有关外逃人员及其资金等情况一直都被“淡化处理”,至今都没有相关确切的数据报道。不过,即使没有公开的数据,民众却依然坚信其中问题的严重性,也认为反腐败形势不容乐观。因为已呈现规律性的现象表明,凡有贪腐官员外逃的,就一定伴随着巨额资金,特别是国有资产的外流。而且近年来,外逃官员的级别越来越高,厅处级干部及国有企业、金融系统的高官日益增多,涉及的资产金额也越来越大,犯罪手段则也表现得越发巧妙和多样。
应该看到,官员外逃不仅使反腐成效大打折扣,而且还严重损害到我国的国际声誉。有时,它会像瘟疫一样,在腐败官员的群体中形成示范效应。而所谓“裸官”,其实多半就是这种现象的前兆。因此,控制腐败和防范贪官外逃,就成为比追逃和事后追究更重要的课题。惟其如此,中央政治局会议此前还专门审议领导干部报告个人有关事项的规定,通过了《关于对配偶子女均已移居国(境)外的国家工作人员加强管理的暂行规定》,致力于控制腐败和防范贪官出逃。
值得注意的是,我国早在2007年1月就通过了反洗钱法,也已将贪污贿赂犯罪及金融犯罪的违法所得,列入洗钱犯罪的“上游”行为范围,并将公职人员的异常资金流动和资产转移列入监控对象,社会舆论曾一度将这部法律视为悬在官员头顶上的“达摩克利斯之剑”。

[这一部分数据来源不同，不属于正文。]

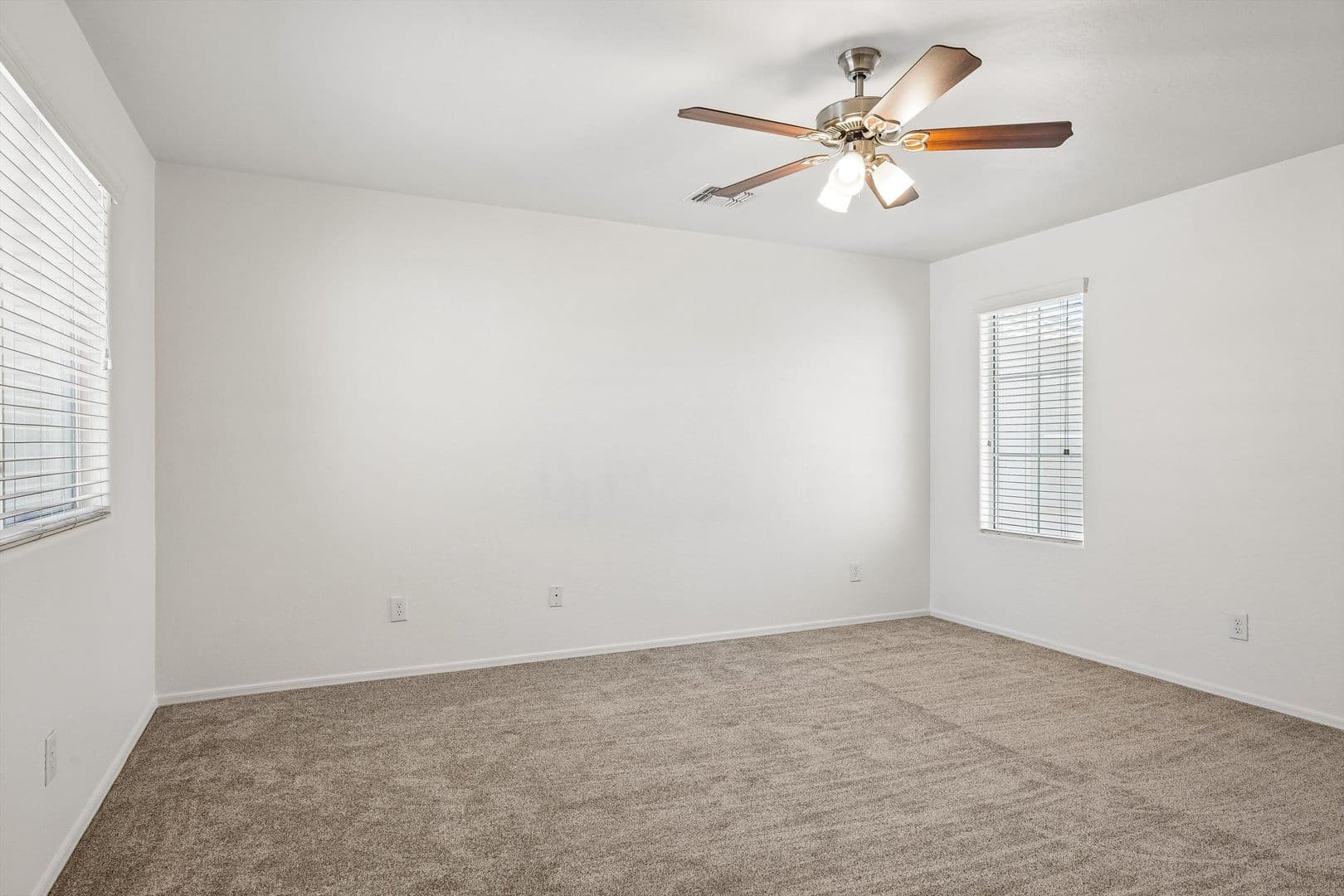 Gilbert House: 4256 E Carla Vista Dr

2010年初,中央纪委、监察部宣布了由国家的17个部级单位组建成立防范违法违纪公职人员外逃的联席会议机制。可见,国家已经开始从以往较为注重追逃朝着更加重视防逃的方向在努力。
事实上,外逃贪官数量是不是能够得到精确的统计,或者实际卷走的资金额究竟是多少,也许并不那么重要。关键是我们的相关机构和司法部门,是不是已经真正掌握了实情和应对的措施。
贪腐官员外逃绝对不是一件简单的事,它牵涉到我国现行的干部体制、监督制度、出境管理、法律规则、司法协助和外交合作等。同时,它们又与国资监管、洗钱控制甚至打击地下“黑道”等行动密切关联。因此,需要建立更为权威的机构,在有法可依的前提下,统一指挥、统筹力量、协调行动。
记得在多年之前,就有人大代表、政协委员吁请制定统一的国家反腐败法,甚至有多位全国人大代表向会议提交正式议案,希望将惩治和预防官员腐败的行动常态化、法制化,进一步发挥职能机构的作用,通过更为积极的行政干预和司法活动,使对官员腐败犯罪的控制、惩治,以及将追逃、追缴活动纳入统一规范。一些学者也建议避开目前国际刑事司法协助上某些难以逾越的障碍,建立民事优先赔偿制度,通过独立的法律程序对在逃官员提起诉讼,从而先行通过国际司法途径,追回转移在外的国有资产。应该说,这些建议都是很有见地并具有实质意义的。
如果说,在多年以前,由于我国尚未制定独立的反洗钱法,也没有加入《联合国反腐败公约》,迅速建立统一的反腐败执法机构和相应反腐败法律尚存在某些制度性障碍的话,那现如今,对包括在逃官员在内的贪腐人员采取更为有力、有效的行动,时机应该已经成熟,也确实到了应当有更多实质性举措的时候了。
人们当然愿意看到外逃贪官落入恢恢的法网之中,但更希望看到意欲出逃的官员受到制度的监控,希望完善的法治能够有效阻挡国家官员步入贪腐泥潭的脚步。这或许正是李继祥在海外受到刑事追诉给我们带来的最好的启示。